We release patches for security vulnerabilities. Currently supported versions:

If you discover a security vulnerability within nx-go, please send an email to the maintainers or report it through GitHub Security Advisories.

Please do not report security vulnerabilities through public GitHub issues.

1. Report: Submit a detailed report via GitHub Security Advisories or email the maintainers
2. Acknowledgment: We will acknowledge receipt of your vulnerability report within 48 hours
3. Assessment: We will assess the vulnerability and determine its impact and severity
4. Fix: We will work on a fix and keep you informed of our progress
5. Release: Once a fix is ready, we will release a security patch and publicly disclose the vulnerability

When reporting a vulnerability, please include:

• Type of vulnerability
• Full paths of source file(s) related to the vulnerability
• Location of the affected source code (tag/branch/commit or direct URL)
• Step-by-step instructions to reproduce the issue
• Proof-of-concept or exploit code (if possible)
• Impact of the issue, including how an attacker might exploit it

• A response acknowledging your report within 48 hours
• Regular updates on our progress
• Credit in the security advisory (unless you prefer to remain anonymous)

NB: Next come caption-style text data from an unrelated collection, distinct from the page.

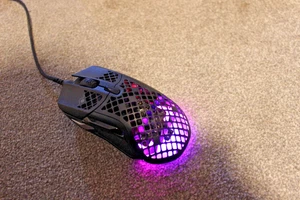 Steelseries Aerox 5 RGB Optical Gaming Mouse - Picture 1 of 6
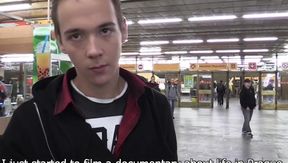 Czech Hunter: Hunting in the Rain for His Allurement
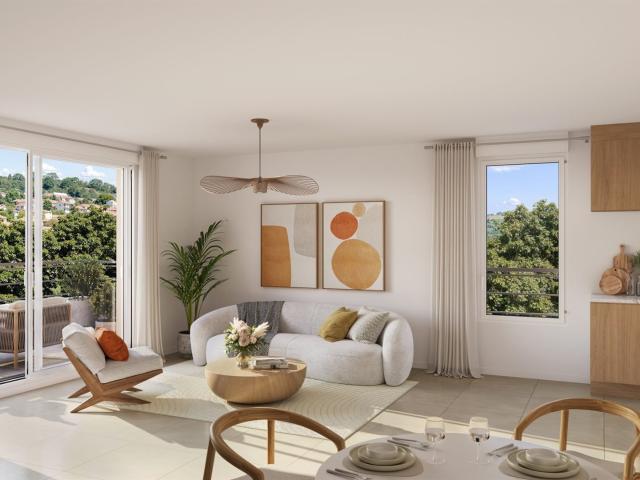 Appartement T3 Mar Vivo Sud 62m² La Seyne sur Mer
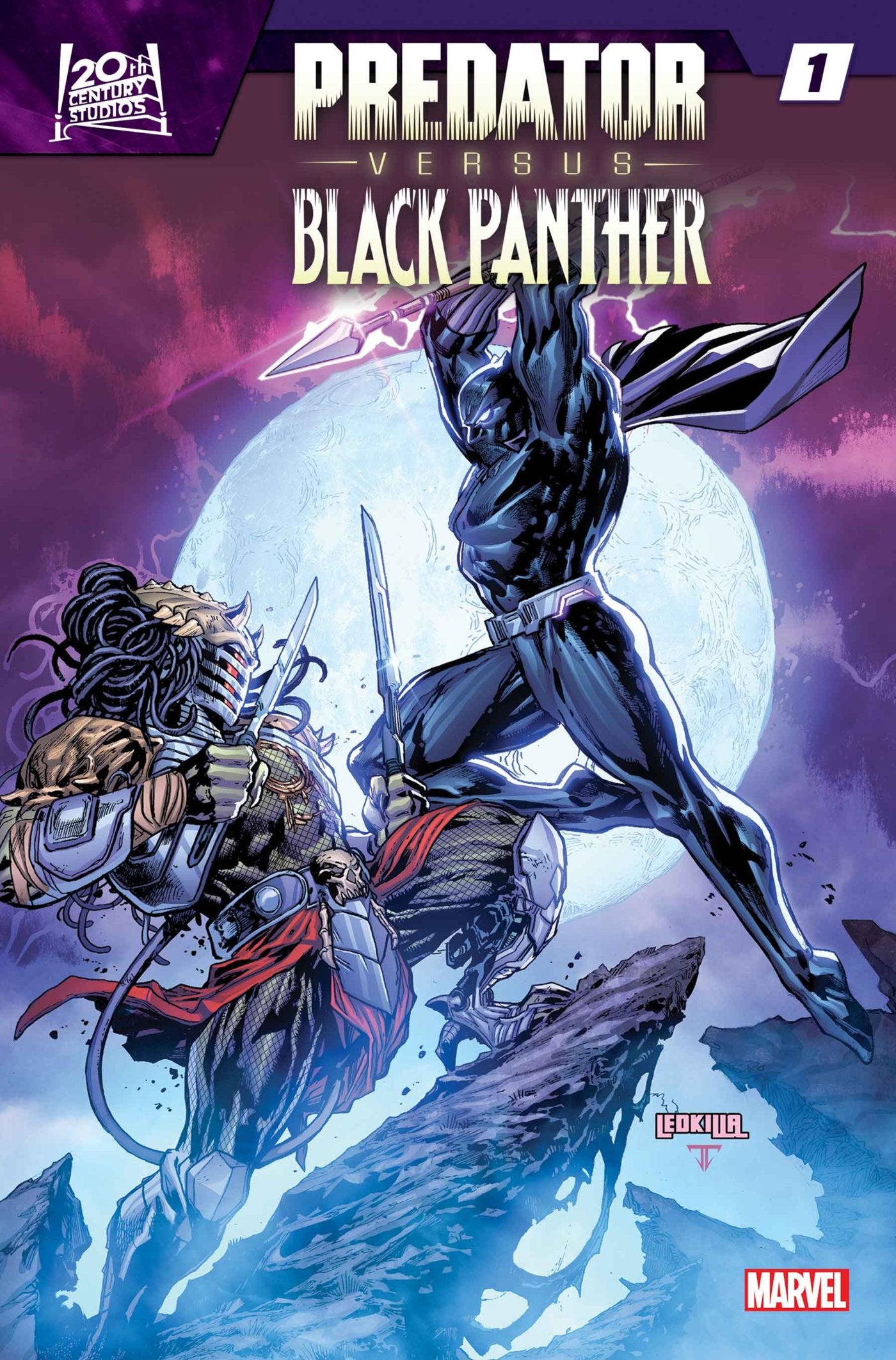 Predator Vs. Black Panther #1 | Standard | Marvel Comics | NEW Comic Book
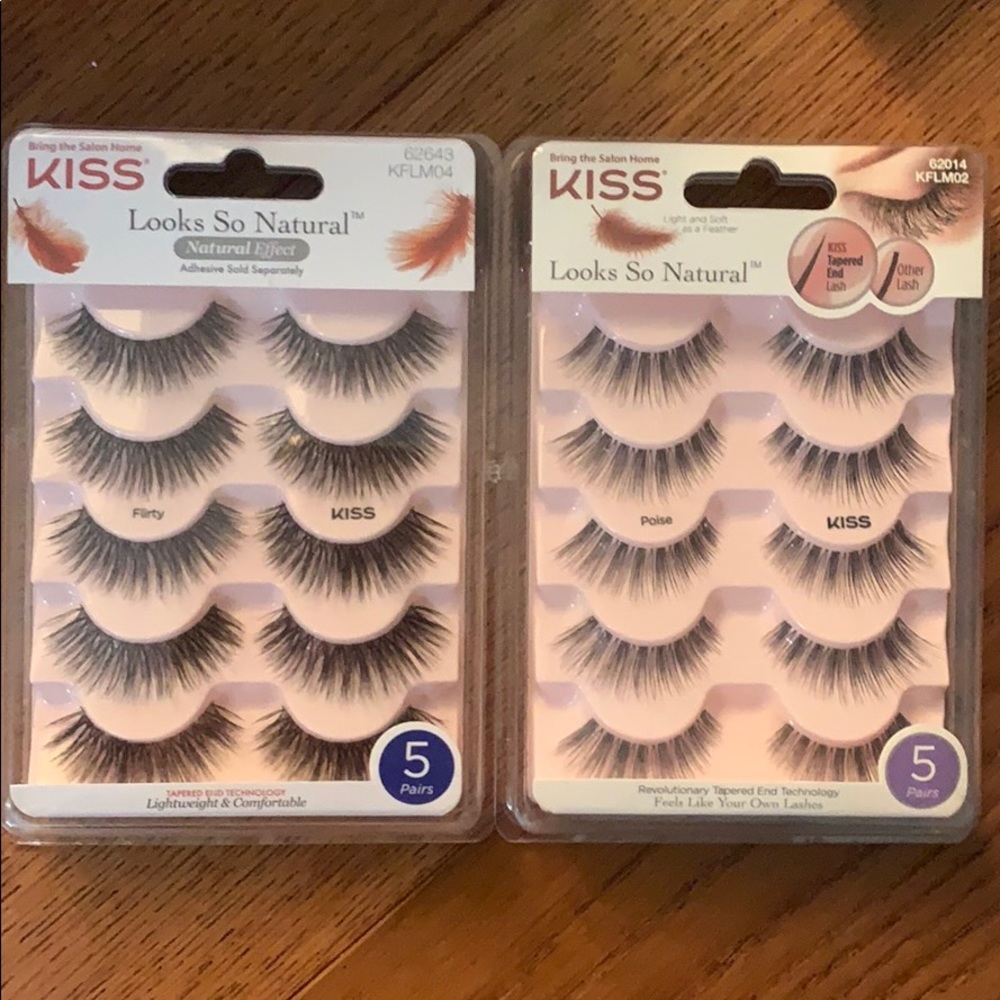 Kiss fake lashes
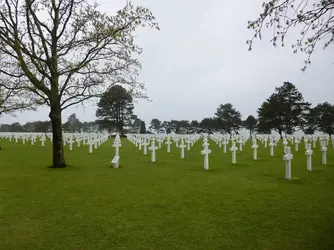 Cimetière américain de Colleville-sur-Mer, Calvados - crédits : © Françoise Weyl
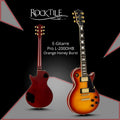 Rocktile Pro L-200OHB Chitarra Elettrica Orange Honey Burst Set AK20GR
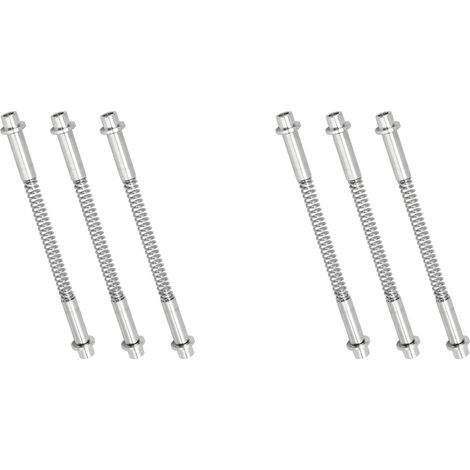 Ensemble de 6 charnières porte anti-tempête K 5131, axes (1/5)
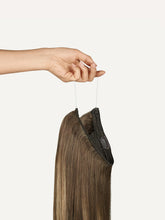 Load image into Gallery viewer, 16" Ash Brown Balayage Halo® Volume Bundle - 16" (180g)
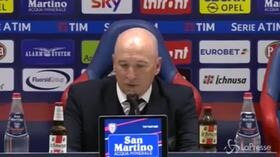 Cagliari, Maran: “Prestazione importante con qualità, personalità e cuore”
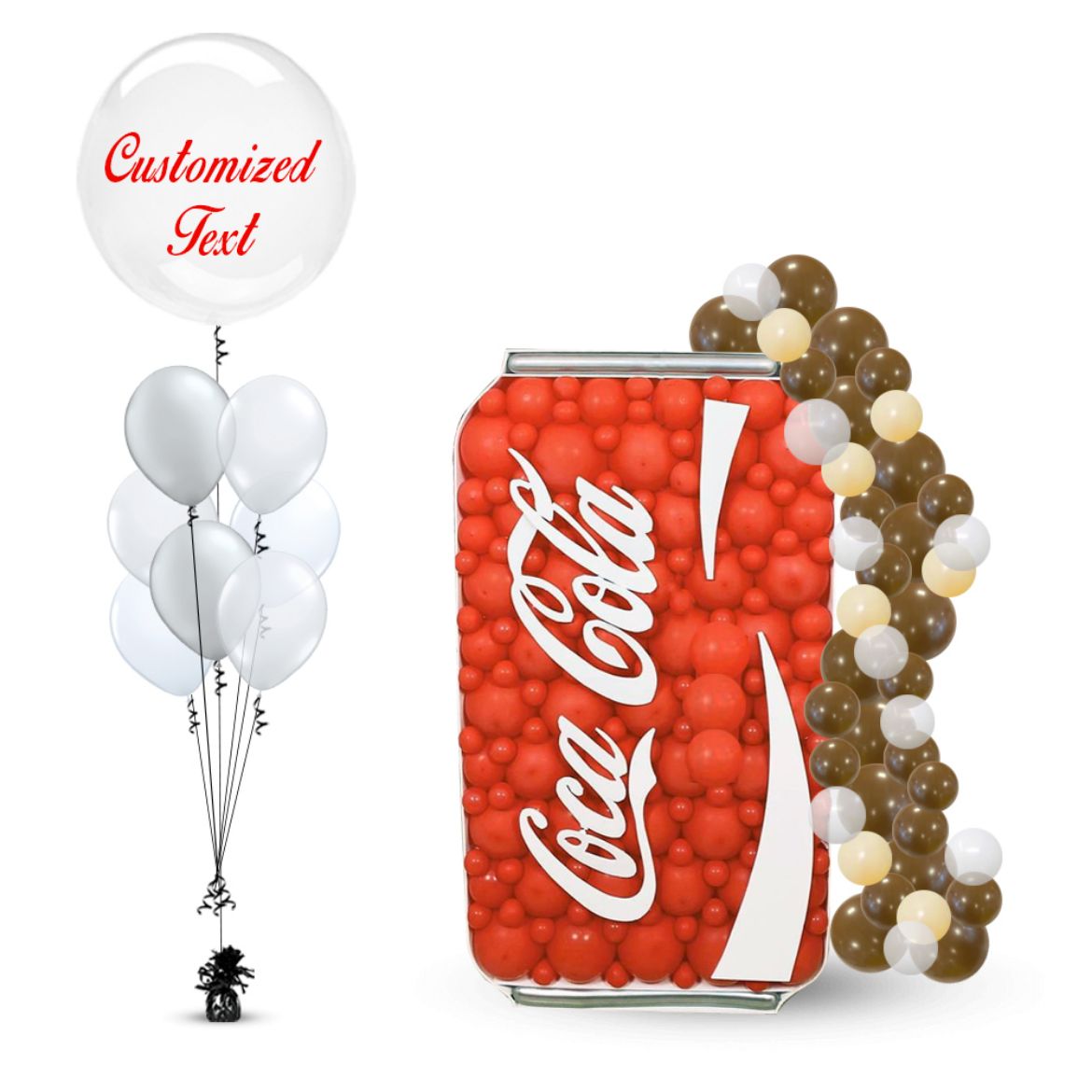 Picture of Coke Balloon Decoration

When using nx-go in your projects:

• Always use the latest stable version
• Keep your Go toolchain up-to-date
• Regularly run nx migrate @nx-go/nx-go to stay current with security patches
• Review dependency updates and security advisories
• Use go mod tidy to keep your dependencies clean and up-to-date

• Security vulnerabilities will be disclosed publicly after a fix is released
• We will credit security researchers who responsibly disclose vulnerabilities (unless they prefer anonymity)
• We aim to release security patches within 30 days of receiving a valid report

Thank you for helping keep nx-go and its users safe!